With such an ambitious agenda and scope, there are limitations that are faced by the GBD project. As reported, GBD measures the health of the world’s population. Without additional analysis, it would not provide direct insights for an insured, hospitalized or more targeted population.
The extensive range of data sources, each with its own potential biases, coupled with gaps in data for specific locations and years, complicates the analysis of single outcomes in GBD or tracking person-level data over time. Rather, the strength lies in the breadth of the estimates produced. The strength (or lack) of the evidence for many potential risk-outcome relationships is also a limitation.
“GBD follows a rules-based approach to synthesizing this evidence. This means that GBD findings may differ from assessments that place more weight on expert views than on data-driven evidence.”
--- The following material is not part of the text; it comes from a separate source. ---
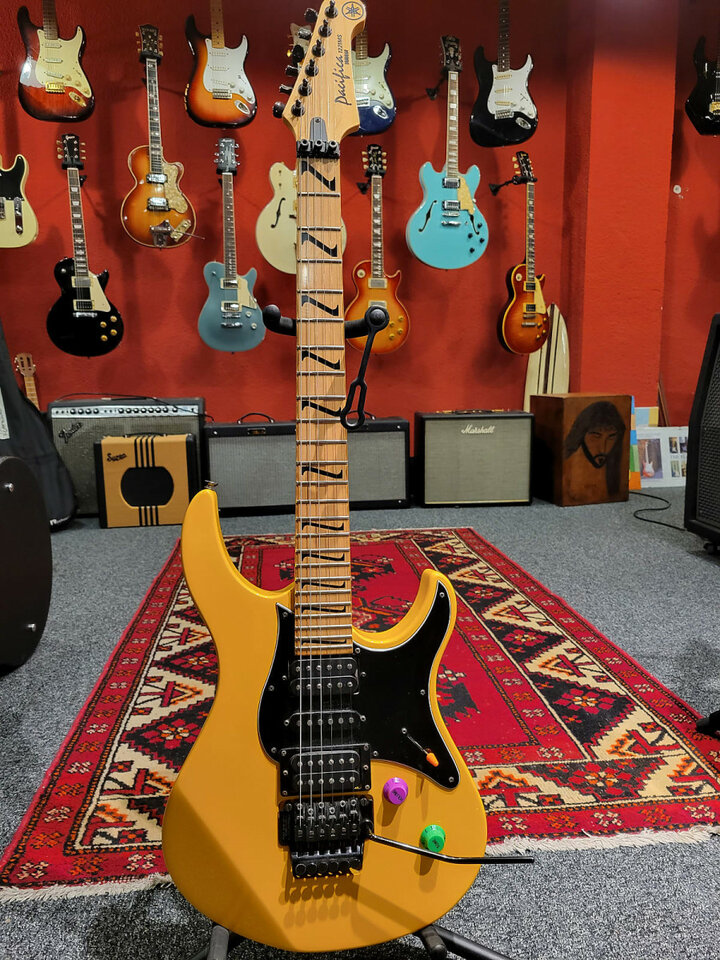 Yamaha Pacifica 1221 Yellow Metallic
Actuarial uses for GBD data
With research as comprehensive as GBD, there are a number of areas where it can be used to inform assumption setting, improve models, and generally strengthen the data used and results produced in actuarial use cases. Some examples of the ways actuaries have used GBD data include but are not limited to the following categories:
Assumption setting and risk categorization:- Using incidence and prevalence metrics for assumptions-setting for critical illness policy.
- Using cause-specific years-of-life-lost metrics that measure premature mortality attributable to a health condition to support risk categorization for life insurance applicants.
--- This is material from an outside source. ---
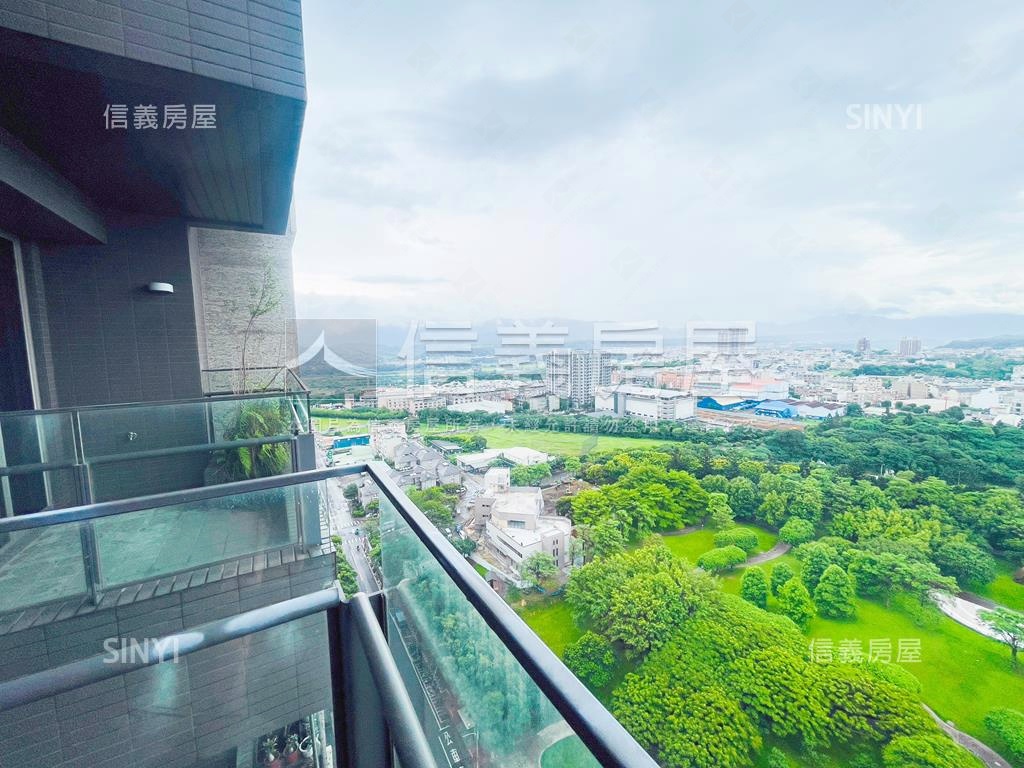 三本公園露臺帝王景觀戶房屋室內格局與周邊環境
- Benchmarking internal or industry data to quantify differences between population of interest and the general population.
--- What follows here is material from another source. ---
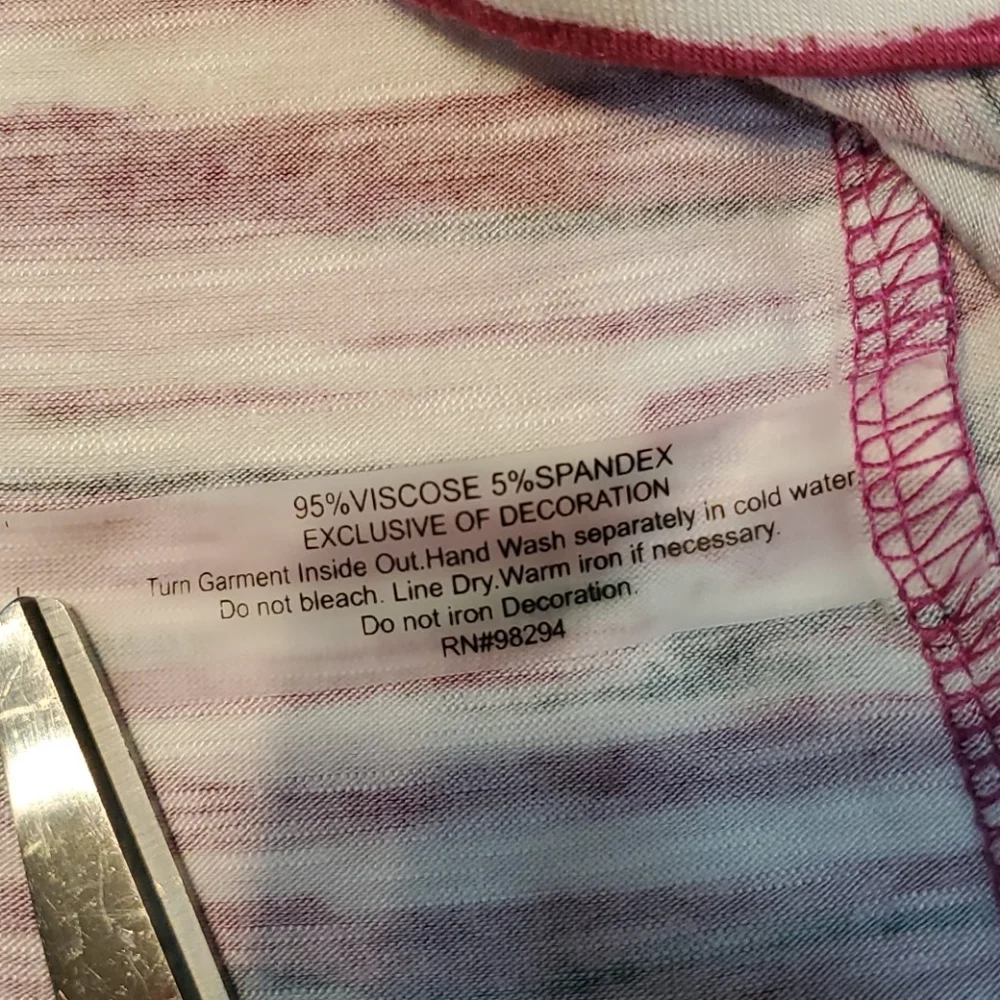 Onque Casual Pink White Petite Fit Striped Jewel Embellished 3/4 Sleeve Top NWT - Picture 5 of 8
- Understanding drivers of mortality, enabling better decision-making and more accurate rate setting, especially in projections for mortality changes into the future.
Business strategy and forecasting:
- Informing employee health strategy and wellness programs by identifying the risk factors and conditions contributing most to potential health loss.
- Using forecasted health scenarios for disease burden, mortality and longevity to inform the future projections of business outcomes.
- Quantifying expectations for new markets, based on differences in GBD metric between countries, combined with experience data for existing markets.
- Quantifying expectations for new products or changes in underwriting, informed by the GBD metrics for conditions that are relevant to the new features.
Global assumption setting:
- For countries without credible country-specific mortality tables or mortality improvement tables, using GBD life tables for general assumptions setting.
Customized guidance and personalized tables:
- Setting customized individual health guidance based on reported risk factor exposures and diagnoses.
- Creating personalized mortality tables based on individual risk factor exposures.
In addition to actuarial uses for this case, the real-world applications are far reaching, from life sciences, biotechnology, and medical devices, to supply chain management, technology and beyond. IHME equips decision makers all over the world with data-driven insights that drive confident, strategic decision making.
This article reflects the opinion of the author and does not represent an official statement of the CIA.